Évolution des crédits du programme
216
(2018-2019)
Ouverts en LFI pour 2018 |
Demandés pour 2019 |
Évolution 2019/2018 |
|
Action 01 - État-major et services centraux |
373,50 |
390,70 |
4,6 % |
Action 03 - Système d'information et de communication |
57,7 |
90,3 |
56,5 % |
Action 04 - Action sociale et formation |
40,2 |
40,2 |
0,0 % |
Action 05 - Affaires immobilières |
149,5 |
137,1 |
- 8,3 % |
Action 06 - Affaires juridiques et contentieuses |
80,0 |
80 |
0,0 % |
Action 08 - Immigration, asile et intégration |
41,0 |
41,1 |
0,2 % |
Action 09 - Sécurité et éducation routières |
126,2 |
126,3 |
0,1 % |
Action 10- Fonds interministériel de prévention de la délinquance |
71,7 |
70,4 |
- 1,8 % |
Total programme 216 |
939,8 |
976,1 |
3,9 % |
Source : commission des finances du sénat d'après le projet annuel de performances pour 2019
La baisse des crédits réservés au fonds interministériel de prévention de la délinquance se poursuit. L'an dernier, elle avait été expliquée par une réduction du format des centres de réinsertion et de prévention de la délinquance dans le contexte de la mise en place d'une nouvelle stratégie. Le plan présenté en février 2018 suppose 13,8 millions d'euros de crédits, 18,2 millions d'euros étant par ailleurs consacrés à la sécurisation de sites contre des actes terroristes. Le reste des interventions du fonds subira une contrainte renforcée, même si des recoupements peuvent exister. Votre rapporteur spécial relève la sous-représentation des zones de gendarmerie dans les équipements financés par le fonds. Cette situation peut s'expliquer par des besoins particuliers aux zones de police, mais il conviendra d'être attentif aux suites réservées aux engagements pris d'un rééquilibrage.
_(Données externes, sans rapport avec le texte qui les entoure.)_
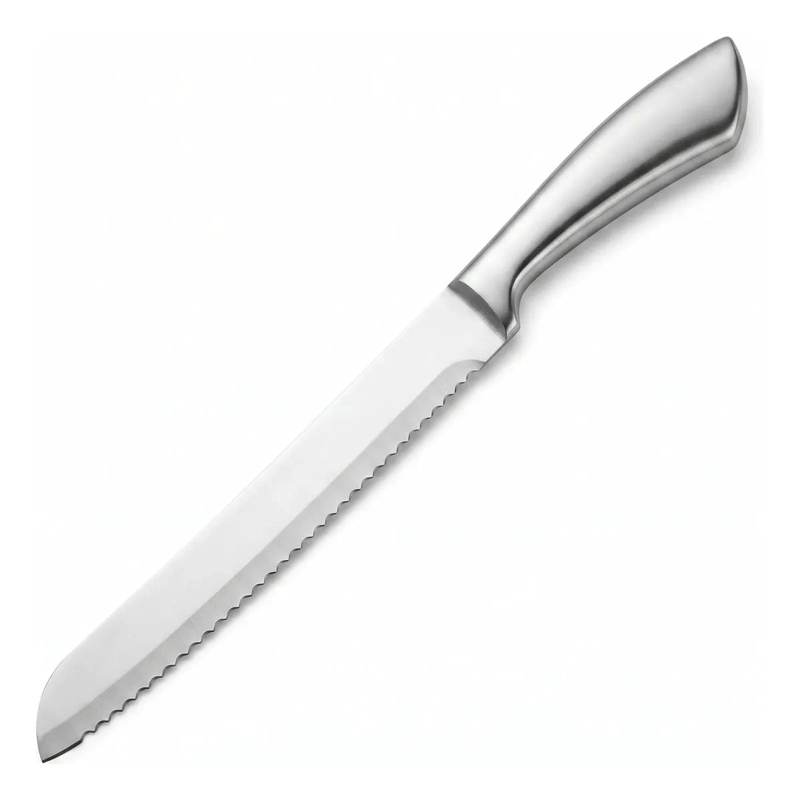CUCHILLO PARA PAN DE ACERO INOXIDABLE CON HOJA PLATEADA - 1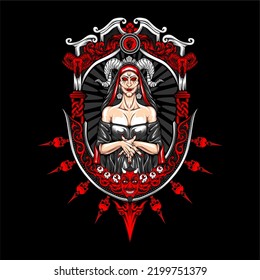 scary lady illustration with awesome background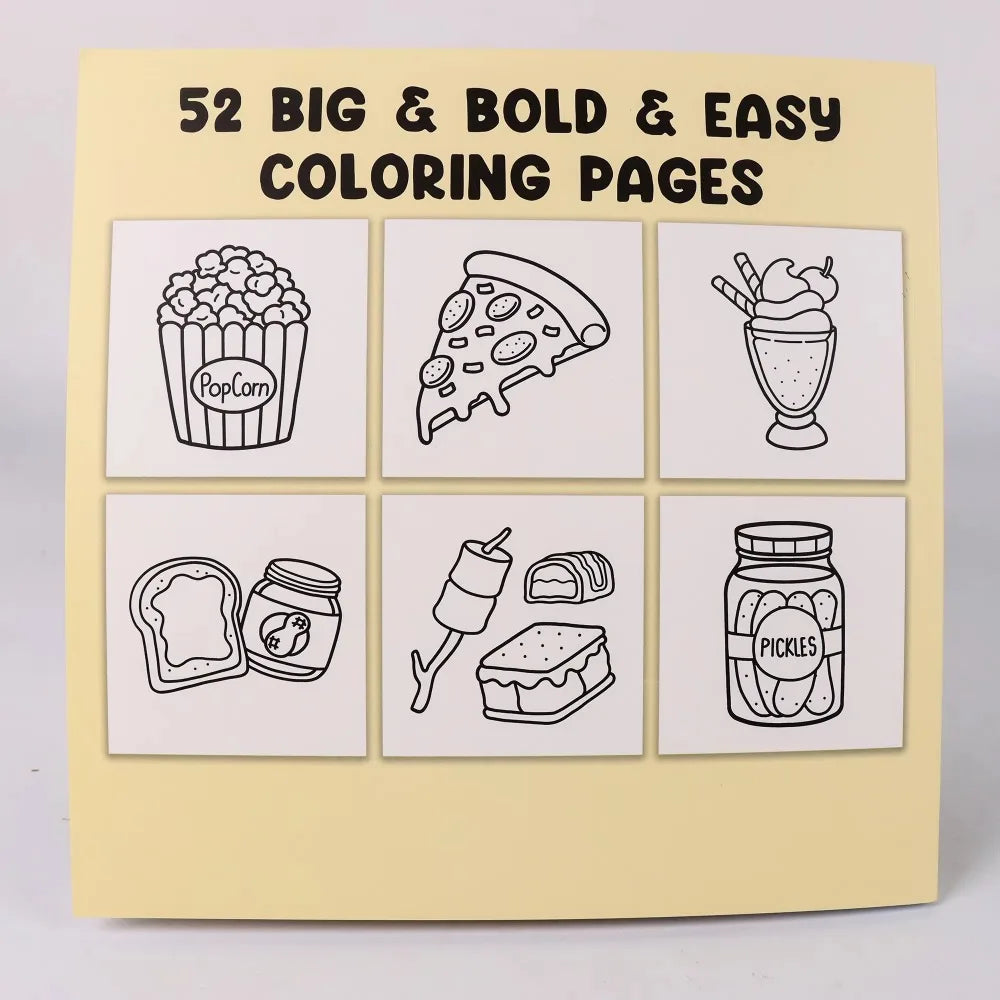Food Drink & Sweets: Coloring Book for Adults and Kids, Bold and Easy, Simple and Big Designs for Relaxation Featuring a Variety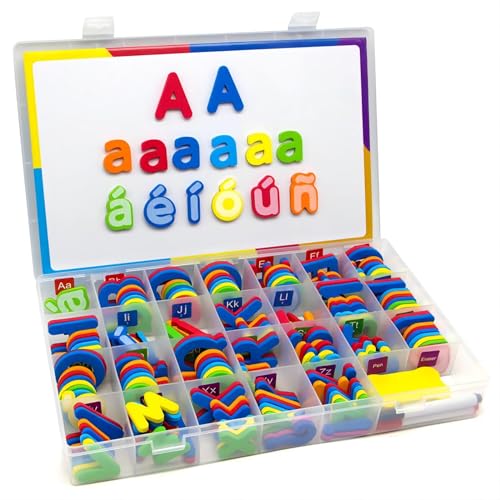 MOFEELE Juego de Letras Magnéticas en Español, 224 Pieza Abecedario Didactico para Niños, Imanes para Refrigerador de...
Le conseil national des activités privées de sécurité bénéficiera comme l'an dernier de 17,5 millions d'euros de crédits. L'extension de la sécurité privée et les besoins de formation correspondant aux perspectives d'élargissement des facultés offertes invitent à s'interroger sur le niveau de la dotation.
L'an dernier, le programme avait enregistré le rattachement de la commission du contentieux du stationnement payant (156 ETPT), situation assez singulière de financement d'une juridiction par le ministère de l'intérieur. Compte tenu du stock considérable d'affaires à traiter, les moyens pourraient être insuffisants, les collectivités territoriales devant connaître de leur côté une surcharge créée par les demandes préalables qu'elles seront appelées à instruire.
Les crédits du programme sont largement préemptés par des engagements précédents correspondant à des opérations immobilières très significatives. 702 millions d'engagements antérieurs restent à payer, ne laissant de marges que pour 404 millions d'euros de nouveaux engagements qui, en dehors de ceux purement conventionnels, laissent, en fait, moins de 200 millions d'euros disponibles pour des investissements nouveaux.
Ceux-ci seront fortement mobilisés vers les systèmes informatiques (101 millions d'euros en autorisations d'engagement ) , qui extériorisent une forte augmentation des dépenses prévues au titre des systèmes d'information et de communication (+ 32,6 millions d'euros soit + 56,5 %).
Elle répond, en particulier, au projet de réseau radio du futur annoncé par le président de la République.
Le coût de ce projet dépasse 160 millions d'euros. Compte tenu de certaines expériences (par exemple, le centre de données BO 15), il faut souhaiter qu'il ne suscite pas de dépassements.
Les autres motifs de dépenses compensent partiellement cette hausse, soit en demeurant à peu près stables, soit en baissant. Il en va ainsi, en particulier, des dépenses prévues au titre des affaires immobilières qui se replient de 8,3 % (- 12,4 millions d'euros).